Until recently, the point of having Swissinfo was to help Swiss nationals living abroad stay sufficiently well-informed to make the best possible decisions when they vote remotely in referendums and elections. This part of its charter is no longer as important as demystifying Switzerland for foreigners, because free online editions of so many Swiss newspapers give Swiss expatriates the facts they need.

But doing a good job of serving Swiss voters abroad meant that the information the site supplied had to be politically neutral, or carefully balanced across the spectrum of political opinions. That this approach has not changed, even after Swissinfo’s staff and budget were each cut back last year by roughly a third, only adds to the attractions of the site – since, as this blog has underlined in the past, the reading public prefers to be served news undistorted by politics.

The British press ignores this preference. Both during and since the Leveson hearings on press ethics, one editor after another insisted – invoking  time-hallowed tradition as frantically as the Catholic Church fighting for respect, in recent weeks —  that political slanting has always been part of its lifeblood.

Though mockers of the Occupy movements keep insisting that extreme democracy could never be either practical or realistic, Switzerland, the über-democracy, is proof to the contrary. With its tiny population of not quite 8 million, CH can boast of being not just one of the world’s richest countries but the one at the very top of economists’ table for individual wealth – per (adult) capita.

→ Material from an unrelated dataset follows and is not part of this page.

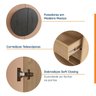 Conjunto Modulado Joy 3 Peças Cabideiros, Nicho com 2 Gavetas e Sapateira CabeCasa MadeiraOriginals - 12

Here is some food for meditation from Swiss Watching’s chapter titled ‘Ask the audience’:

Walking through the centre of Bern means running the gauntlet of clipboard-thrusting pen holders wanting your name. These aren’t charity muggers desperate for your cash … And the papers are not futile petitions that will be delivered to the government without any prospect of anyone taking notice. This is not Britain. This is Switzerland, where the people have power, and they use it. Collecting signatures is the first step towards a referendum, the basic tool of the direct democracy system. Don’t like a government decision? Then collect names to change it. Want to create a new law? Then collect names to initiate it. Hate minarets? Then collect signatures to ban them [ … ]

For outsiders, it’s hard to imagine how a country can function if every law and government action is subject to a government vote. For the Swiss, it’s hard to understand how any country can be run without just that. […] The Swiss people can initiate legislation or destroy it; they can force the government into new policies or reject decisions it’s already made. No one person or party ever has complete control – the people do. Forget China and North Korea; if any country deserves to be called a People’s Republic, it is Switzerland.